I’m curious about things that will affect backup experience. Such as
DB Recreate speed, as compared to local-database size (or other relevant metric, source set etc., block size). This is a VERY important parameter (I have discovered) as we don’t want our restore to take a year (I found a thread with a user who had 60 GB local db, and restored 1% a day, crazy since recreate gets slower towards the end, probably hdd based restore by my guess).
Backup speed with different block-sizes.
Backup-speed on empty local db, and backup-speed whene there are already tons of blocks to search through. The latter giving some insight into long-term price of having low block-size.
I’m contemplating collecting stuff like this and writing a much more thorough guide to what to check for new users with large back-sets (TB sizes).
I’m already collecting data based on my own tests, but I’m sure there’s tons out there. I’m especially interested in like AB-tests, where two different identical backups / restores have been made on the same hardware, so we can compare effect of settings and local db size.

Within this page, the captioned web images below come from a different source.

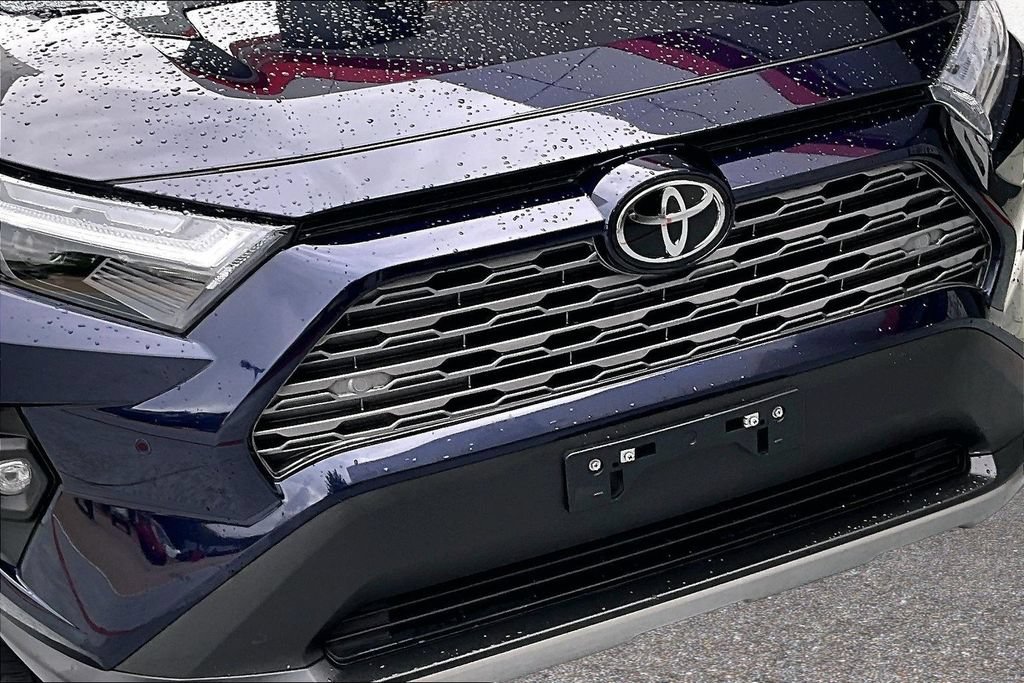 Certified 2022 Toyota RAV4 Limited FWD image 33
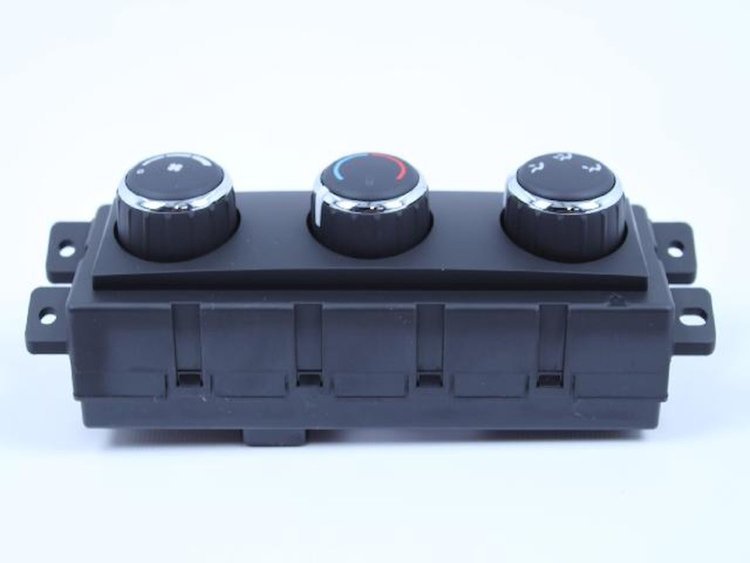 CONTROL A/C & HEATER AUX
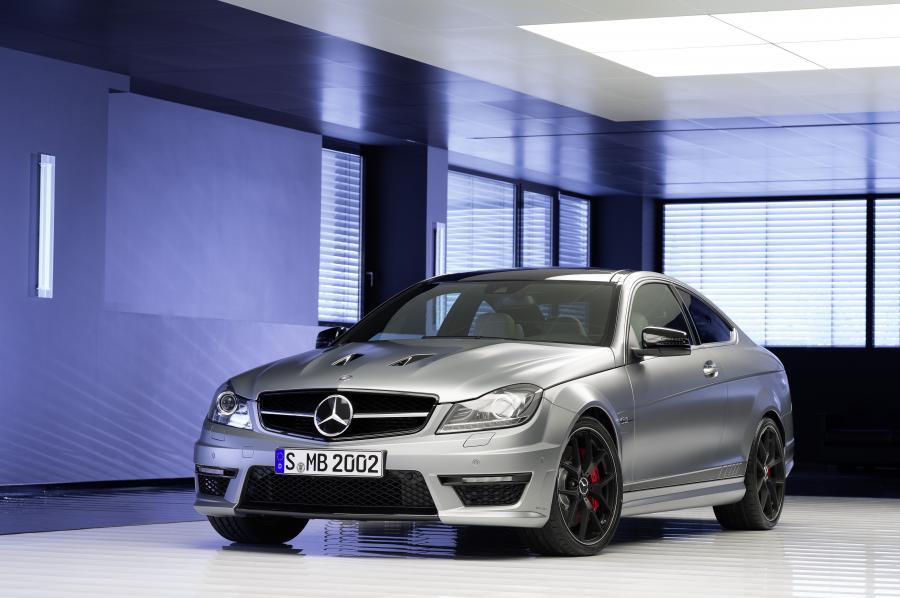  Mercedes-Benz C63 AMG Coupe Edition 507 2013 года  (фото 1 из 20)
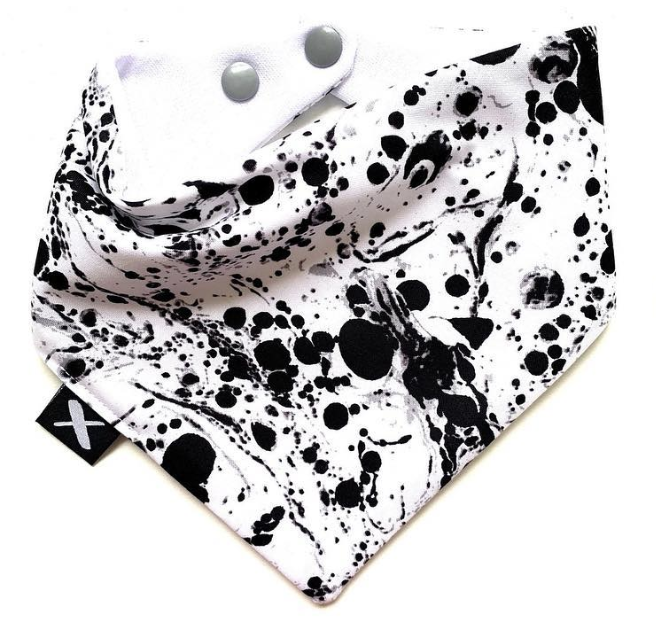 MMI Bandana Bib - White Marble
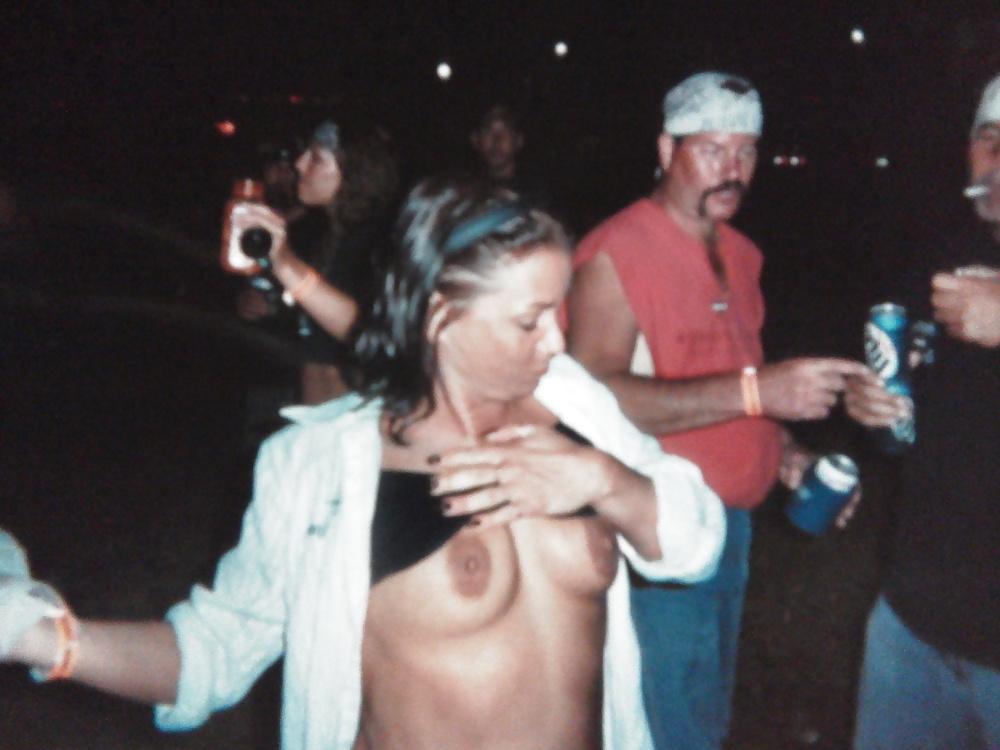 25P More biker party pics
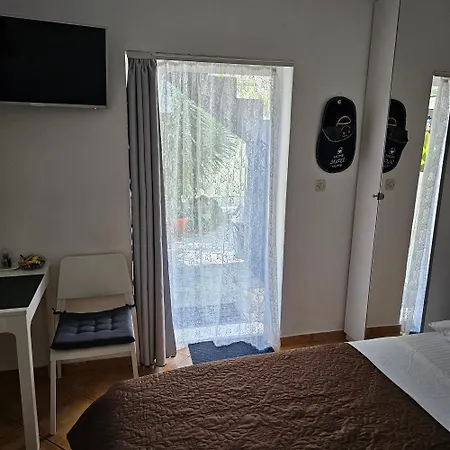Apartment Veky 3 *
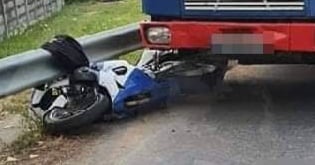 Accident rutier în Tășnad, între o motocicletă și un autocamion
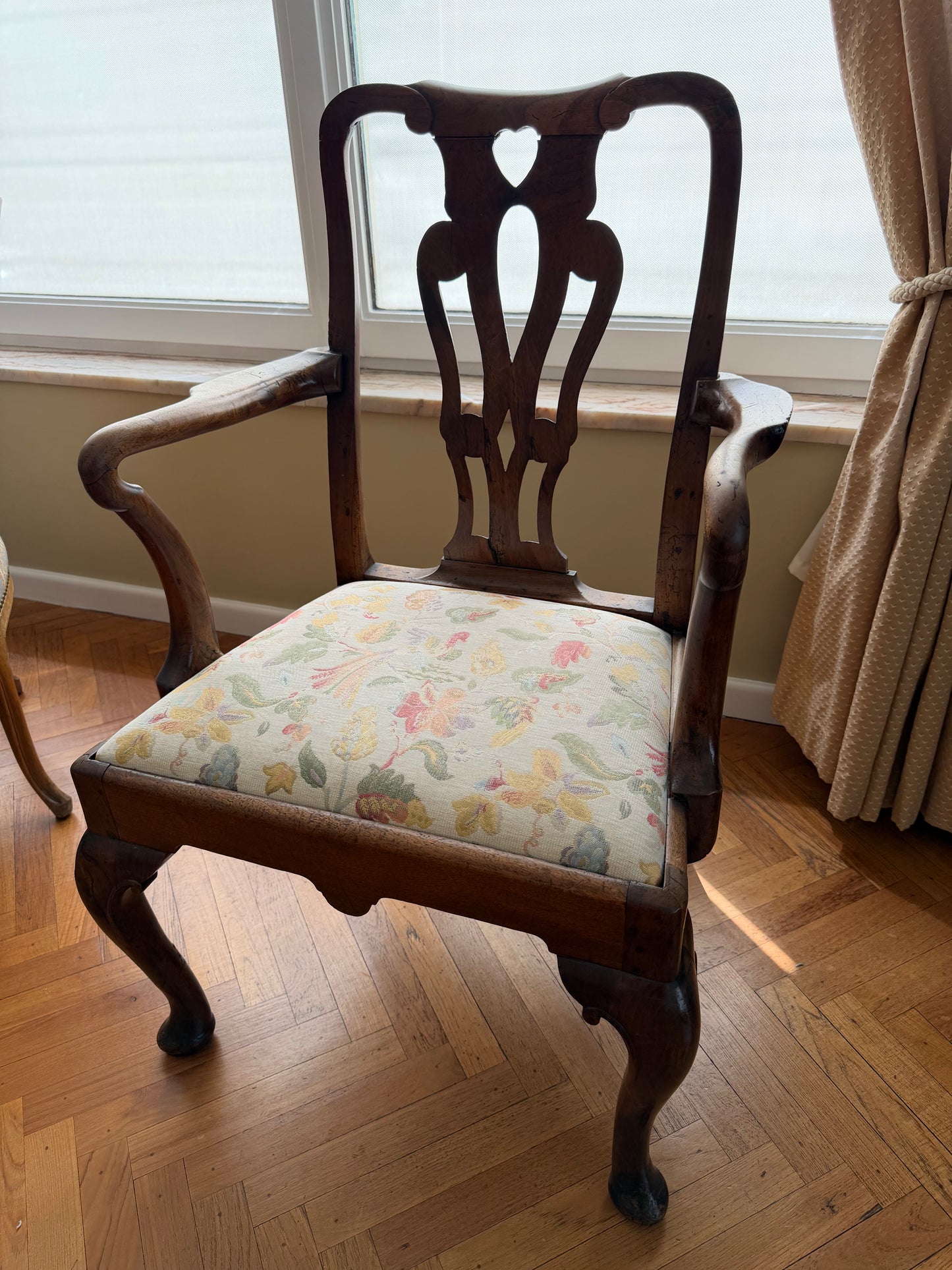 1 - Fauteuil ancien de style Queen Anne en noyer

Probably the biggest thing is your deduplication block size. The default of 100KB is too small if your backup is large. The rule of thumb some of us on the forum use is the block size should be about 1/1MB the size of the files you are protecting. In other words, a 800GB backup should probably have a block size of 800KB (I’d probably just round up to 1MB). A 2TB backup should probably use 2MB block size. A larger dedup block size reduces the number of blocks that have to be tracked, speeding up database operations but reduces deduplication efficiency somewhat.
The second biggest factor IMO is the number of backup versions. Pruning versions helps keep the database leaner, also speeding up database operations.
If this is unbearably slow, it’s probably because Duplicati is downloading dblocks. It should not need to do this for a recreate, but due to a bug in some older versions it may happen. My theory is that dindex files were written incorrectly (by those dastardly certain old versions), and when you do a recreate those incorrect dindex files cause Duplicati to think it needs to check the dblock files.
The good news is that (in my experience) you can solve this by using the latest version and having Duplicati regenerate those dindex files from your local database. Without bad dindex files, the recreate process should not take very long.
Those block-size recommendations, were they gathered with the sqlite db running on SSD’s or HDD’s? It seems a very safe recommendation (and safety is the most important aspect), but my current data suggest we could safely use a bit smaller block-size. I have 500 GB of files on OneDrive, with a local db of 1.6 GiB, and it takes 2.5 hours on SSD to recreate the database. I would prefer faster recreate, so I would probably go with 250 KB block size if I was to redo the backup, but that is also pretty close to the ‘General Recommendation’ of 1/1.000.000. Ahh, if I also include an assumption of say double space used by multiple versions, then we actually get to the 500 KB block-size… Plus backups source sets tend to grow over time, and we cannot change block-size. Interesting that we arrive at around the same conclusion
Also I was surprised to notice that the bottleneck was with a factor of 4x the OneDrive upload speed. I did a backup of a 16GB file (which Duplicati does not try to compress). When running the following two tests, both took the same time (excluding the 11 minutes it took to get remote filelist for Pre/AfterBackupVerify)
100 KB block-size on old backup-set with 1.6 GiB local DB and 500 GB data
10 MB block-size, on new empty backup-setup (ie. empty local db, no previous blocks)
The two above took an hour to run, where as when running locally to a LAN it took 12-14 minutes depending on block-size. I have not tested LAN speed yet, when using a backup-set with a large DB.
I could also see that it was Upload bottlenecked by the tmp-dir having 8 full files all the time during the backup (running with 4 concurrent compressors).
I’ve only been using duplicati for a year or so, and I think I’ve always been using the latest beta-version. But that dblock info, does give me some insight into those older posts concerning slow restores.
Is it downloading dblocks when it does a recreate? You can monitor (while the recreate is running) by going to About → Show Log → Live → Verbose.
Dedupe block size probably won’t affect upload speed much. Remote volume size (default is 50MB) may, but in my limited experience it doesn’t really affect upload performance that much either.